State attorneys general and major higher-education associations filed 22 lawsuits against the administration to stop the policy. 

A district judge blocked the cuts, and the 1st U.S. Circuit Court of Appeals agreed in January 2026, finding that the policy violated the NIH’s own regulations and congressional language that was designed to prevent cuts. Congress also included language in recent spending bills specifically designed to prevent the administration from capping indirect research costs and required the NIH to report monthly to Congress about grant awards, terminations and cancellations. The courts ruled that the administration was infringing on Congress’s power of the purse. 

Under recently passed budget bills, the NIH and other federal agencies cannot make changes to how universities are reimbursed for indirect costs until Sept. 30, 2026. By dropping the challenge, the administration is allowing the January 2026 ruling to stand. This has eased fears surrounding staffing security, as indirect costs pay for essential non-science staff. 

The legal reasoning behind blocking the NIH cap also applied to similar attempts by the Department of Energy and the Department of Defense. The decision likely signals the end of these efforts as well, preserving the current funding model.

The FAIR model

Research associations, led by the Joint Associations Group, are pushing Congress to adopt the Financial Accountability in Research (FAIR) model. The model would replace the old overhead system with a more transparent, splitting costs into essential research performance support and general research operations. This model could solve the administration’s transparency concerns without the drastic financial cuts of a 15% cap. The transparency of the model could make academic-industry partnerships easier to audit and justify.
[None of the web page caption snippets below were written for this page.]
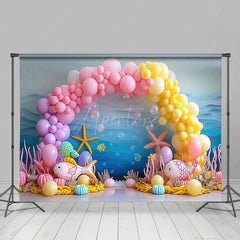 Aperturee - Aperturee Underwater World Balloon Arch Cake Smash Backdrop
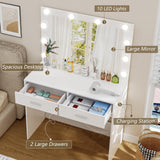 usikey Vanity Desk with Large Lighted Mirror, Makeup Vanity with 10 Lights, 2 Drawers & Power Strip, Vanity Desk Set, Dressing Vanity Tables for Women Girls, Bedroom, White usikey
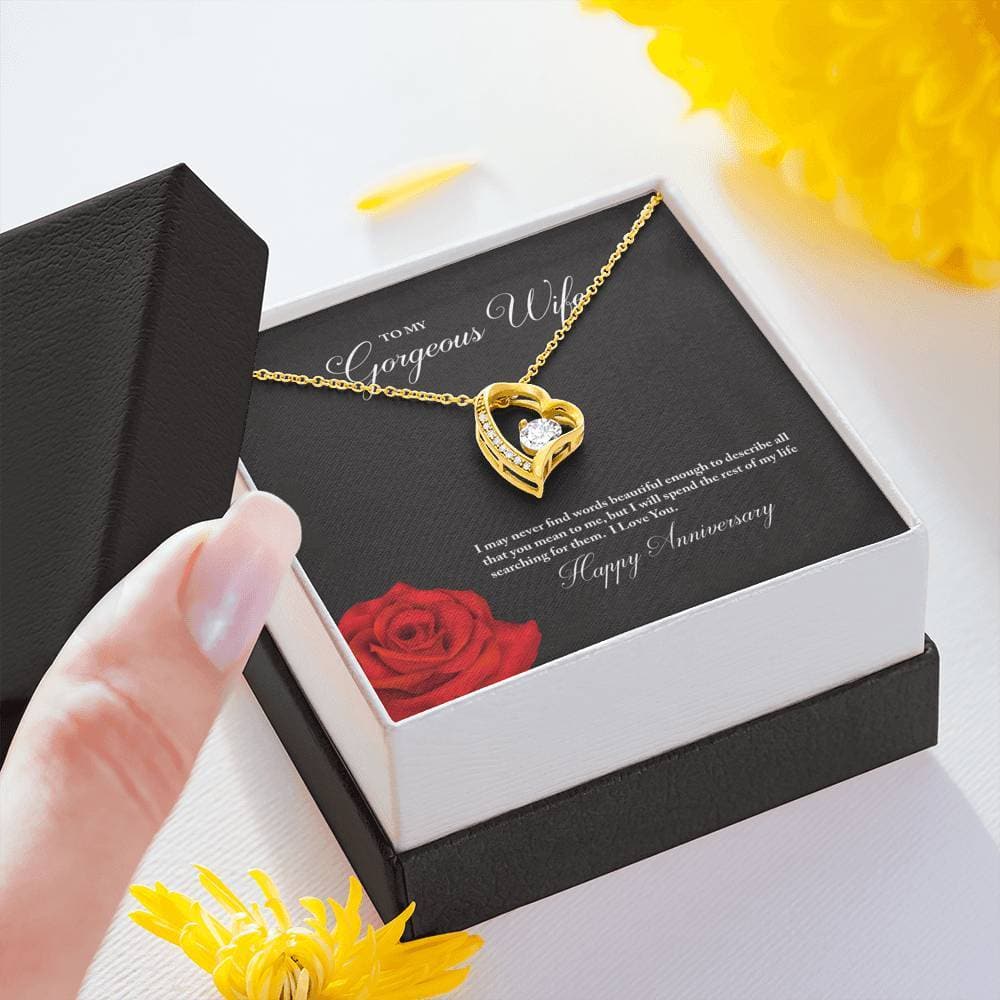 litzzy To My Gorgeous Wife Happy Anniversary Forever Love Necklace (18K Yellow Gold Finish) - Gifts For Wife Necklace Valentines Day Custom Made Romantic Gift For My Best Wife Ever Jewelry   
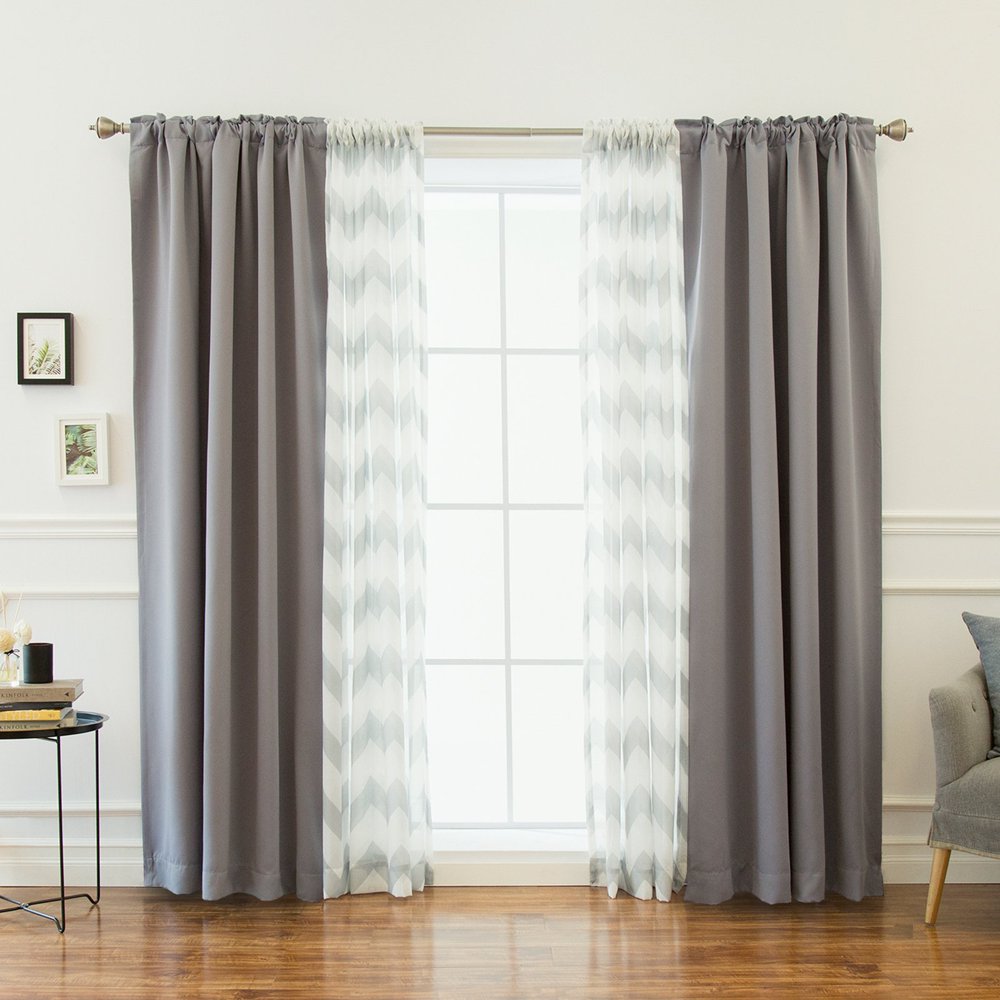 Best Home Fashion Chevron Sheer and Solid Blackout Mix and Match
Institutions could voluntarily adopt more transparent accounting to show where overhead costs go as an attempt to future-proof against a flat cap by showing how much running a lab costs. 

The new front: Direct budget cuts in the FY 2027 proposal

Although the challenge over indirect costs has now effectively ended, the administration is shifting its focus to the direct budget. The recently proposed FY 2027 budget proposes a 12.3% cut to the NIH and a 54% cut to the National Science Foundation (NSF). This cut could affect the Graduate Research Fellowship Program and result in a smaller pool of PhD-level talent entering the private sector in the next few years. 

This shift moves concerns from indirect costs to the number of grants awarded. Funding cuts could create a hyper-competitive funding environment as the payline, the percentile of grants that get funded, will likely drop significantly.